### What to work on
Nothing before the line containing "Image similar to" belongs in the answer; quote that line and all lines after it through the end of the material, word for word.

Dataset content START

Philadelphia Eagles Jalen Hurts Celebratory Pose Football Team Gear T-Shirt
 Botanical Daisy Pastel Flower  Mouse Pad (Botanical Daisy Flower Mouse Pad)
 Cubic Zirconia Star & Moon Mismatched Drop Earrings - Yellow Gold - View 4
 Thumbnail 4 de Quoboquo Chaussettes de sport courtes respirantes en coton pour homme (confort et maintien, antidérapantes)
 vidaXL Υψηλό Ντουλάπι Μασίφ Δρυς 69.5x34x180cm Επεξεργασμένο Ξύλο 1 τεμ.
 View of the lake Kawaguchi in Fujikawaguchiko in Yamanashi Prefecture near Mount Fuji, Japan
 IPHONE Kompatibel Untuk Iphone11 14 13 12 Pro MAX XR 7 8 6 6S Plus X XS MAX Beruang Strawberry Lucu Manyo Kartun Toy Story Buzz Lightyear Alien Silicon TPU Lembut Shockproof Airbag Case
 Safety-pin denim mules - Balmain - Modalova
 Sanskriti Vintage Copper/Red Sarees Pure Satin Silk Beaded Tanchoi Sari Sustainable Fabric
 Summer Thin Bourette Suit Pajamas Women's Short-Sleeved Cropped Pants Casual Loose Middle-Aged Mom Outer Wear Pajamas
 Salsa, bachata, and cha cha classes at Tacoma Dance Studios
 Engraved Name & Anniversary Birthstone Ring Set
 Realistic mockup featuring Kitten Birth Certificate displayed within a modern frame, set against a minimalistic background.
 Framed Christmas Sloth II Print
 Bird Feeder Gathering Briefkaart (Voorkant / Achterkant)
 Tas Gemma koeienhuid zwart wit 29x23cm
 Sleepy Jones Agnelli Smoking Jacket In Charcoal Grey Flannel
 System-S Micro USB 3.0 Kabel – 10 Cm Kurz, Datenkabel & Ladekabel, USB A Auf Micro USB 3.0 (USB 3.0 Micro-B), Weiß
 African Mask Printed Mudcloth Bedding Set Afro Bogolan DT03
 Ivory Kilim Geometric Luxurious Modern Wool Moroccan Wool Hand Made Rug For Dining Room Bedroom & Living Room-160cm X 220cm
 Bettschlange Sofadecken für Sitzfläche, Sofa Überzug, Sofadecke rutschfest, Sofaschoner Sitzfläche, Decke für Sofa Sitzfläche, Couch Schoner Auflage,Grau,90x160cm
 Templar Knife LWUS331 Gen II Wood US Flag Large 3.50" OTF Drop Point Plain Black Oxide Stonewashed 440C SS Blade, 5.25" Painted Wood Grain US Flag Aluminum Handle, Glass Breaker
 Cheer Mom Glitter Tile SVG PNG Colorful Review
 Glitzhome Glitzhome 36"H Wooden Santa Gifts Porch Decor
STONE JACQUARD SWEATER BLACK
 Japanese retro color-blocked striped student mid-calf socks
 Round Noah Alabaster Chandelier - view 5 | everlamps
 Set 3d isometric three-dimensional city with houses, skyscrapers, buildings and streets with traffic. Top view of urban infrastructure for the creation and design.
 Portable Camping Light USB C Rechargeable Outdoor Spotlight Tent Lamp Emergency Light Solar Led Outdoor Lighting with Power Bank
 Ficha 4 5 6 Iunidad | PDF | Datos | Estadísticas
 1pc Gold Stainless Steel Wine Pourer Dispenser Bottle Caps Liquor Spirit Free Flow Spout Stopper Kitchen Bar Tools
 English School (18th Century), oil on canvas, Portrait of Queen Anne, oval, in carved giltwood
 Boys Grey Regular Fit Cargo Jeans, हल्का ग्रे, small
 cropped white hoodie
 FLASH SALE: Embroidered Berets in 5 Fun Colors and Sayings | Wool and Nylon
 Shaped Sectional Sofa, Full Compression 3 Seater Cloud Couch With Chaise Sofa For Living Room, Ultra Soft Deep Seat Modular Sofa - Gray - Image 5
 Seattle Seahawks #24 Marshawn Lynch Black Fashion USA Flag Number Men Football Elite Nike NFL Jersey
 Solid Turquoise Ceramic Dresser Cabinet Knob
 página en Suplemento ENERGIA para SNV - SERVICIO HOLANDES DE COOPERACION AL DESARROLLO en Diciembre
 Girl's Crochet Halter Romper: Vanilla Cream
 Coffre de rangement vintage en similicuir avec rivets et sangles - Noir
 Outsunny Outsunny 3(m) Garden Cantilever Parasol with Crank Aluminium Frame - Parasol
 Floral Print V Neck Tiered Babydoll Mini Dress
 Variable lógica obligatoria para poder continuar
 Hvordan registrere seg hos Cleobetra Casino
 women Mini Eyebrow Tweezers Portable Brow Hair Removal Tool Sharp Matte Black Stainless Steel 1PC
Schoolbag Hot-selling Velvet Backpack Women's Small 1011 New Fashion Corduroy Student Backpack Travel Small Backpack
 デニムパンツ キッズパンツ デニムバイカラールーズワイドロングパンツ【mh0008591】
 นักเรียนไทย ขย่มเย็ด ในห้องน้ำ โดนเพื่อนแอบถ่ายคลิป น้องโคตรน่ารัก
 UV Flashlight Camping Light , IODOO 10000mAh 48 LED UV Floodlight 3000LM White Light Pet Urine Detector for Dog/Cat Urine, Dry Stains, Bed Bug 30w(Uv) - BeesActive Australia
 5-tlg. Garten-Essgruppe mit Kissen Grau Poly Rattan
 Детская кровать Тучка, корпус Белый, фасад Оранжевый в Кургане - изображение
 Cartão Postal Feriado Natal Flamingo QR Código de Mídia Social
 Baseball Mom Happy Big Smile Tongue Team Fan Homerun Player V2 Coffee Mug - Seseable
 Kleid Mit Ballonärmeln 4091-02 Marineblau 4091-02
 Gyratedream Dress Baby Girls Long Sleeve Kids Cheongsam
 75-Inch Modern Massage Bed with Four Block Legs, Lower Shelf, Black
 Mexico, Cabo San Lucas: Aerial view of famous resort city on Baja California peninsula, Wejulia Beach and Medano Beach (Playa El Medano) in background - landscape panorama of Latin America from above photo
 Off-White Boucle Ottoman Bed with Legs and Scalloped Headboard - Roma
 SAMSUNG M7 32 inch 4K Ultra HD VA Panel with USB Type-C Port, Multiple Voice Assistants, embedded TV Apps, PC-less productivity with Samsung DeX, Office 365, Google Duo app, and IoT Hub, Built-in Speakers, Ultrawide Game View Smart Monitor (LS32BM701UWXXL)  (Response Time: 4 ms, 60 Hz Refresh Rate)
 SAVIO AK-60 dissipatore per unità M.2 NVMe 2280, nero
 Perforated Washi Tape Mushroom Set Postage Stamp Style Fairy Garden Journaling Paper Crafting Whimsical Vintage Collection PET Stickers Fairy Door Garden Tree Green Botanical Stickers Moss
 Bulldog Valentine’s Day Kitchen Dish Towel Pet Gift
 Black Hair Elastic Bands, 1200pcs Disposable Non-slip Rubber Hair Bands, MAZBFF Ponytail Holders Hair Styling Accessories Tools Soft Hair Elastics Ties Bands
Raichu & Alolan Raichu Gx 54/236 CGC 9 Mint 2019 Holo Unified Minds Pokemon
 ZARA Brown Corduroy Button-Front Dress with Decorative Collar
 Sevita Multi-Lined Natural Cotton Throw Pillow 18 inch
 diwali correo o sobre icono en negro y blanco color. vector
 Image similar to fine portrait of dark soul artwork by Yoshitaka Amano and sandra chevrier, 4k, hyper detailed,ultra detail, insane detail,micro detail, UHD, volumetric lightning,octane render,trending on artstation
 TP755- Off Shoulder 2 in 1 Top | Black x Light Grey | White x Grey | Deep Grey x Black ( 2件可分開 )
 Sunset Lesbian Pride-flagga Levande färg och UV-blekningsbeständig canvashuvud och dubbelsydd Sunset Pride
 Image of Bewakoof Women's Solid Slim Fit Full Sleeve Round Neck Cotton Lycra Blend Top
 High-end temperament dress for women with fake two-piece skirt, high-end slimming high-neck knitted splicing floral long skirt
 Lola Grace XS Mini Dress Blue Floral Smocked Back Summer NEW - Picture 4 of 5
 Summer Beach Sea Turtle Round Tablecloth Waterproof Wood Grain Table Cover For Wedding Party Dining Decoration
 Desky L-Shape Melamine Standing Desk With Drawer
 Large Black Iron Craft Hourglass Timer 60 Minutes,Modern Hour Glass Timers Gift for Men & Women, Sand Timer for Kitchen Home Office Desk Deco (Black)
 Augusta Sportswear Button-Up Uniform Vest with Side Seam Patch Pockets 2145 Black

Dataset content END

### The answer
 Image similar to fine portrait of dark soul artwork by Yoshitaka Amano and sandra chevrier, 4k, hyper detailed,ultra detail, insane detail,micro detail, UHD, volumetric lightning,octane render,trending on artstation
 TP755- Off Shoulder 2 in 1 Top | Black x Light Grey | White x Grey | Deep Grey x Black ( 2件可分開 )
 Sunset Lesbian Pride-flagga Levande färg och UV-blekningsbeständig canvashuvud och dubbelsydd Sunset Pride
 Image of Bewakoof Women's Solid Slim Fit Full Sleeve Round Neck Cotton Lycra Blend Top
 High-end temperament dress for women with fake two-piece skirt, high-end slimming high-neck knitted splicing floral long skirt
 Lola Grace XS Mini Dress Blue Floral Smocked Back Summer NEW - Picture 4 of 5
 Summer Beach Sea Turtle Round Tablecloth Waterproof Wood Grain Table Cover For Wedding Party Dining Decoration
 Desky L-Shape Melamine Standing Desk With Drawer
 Large Black Iron Craft Hourglass Timer 60 Minutes,Modern Hour Glass Timers Gift for Men & Women, Sand Timer for Kitchen Home Office Desk Deco (Black)
 Augusta Sportswear Button-Up Uniform Vest with Side Seam Patch Pockets 2145 Black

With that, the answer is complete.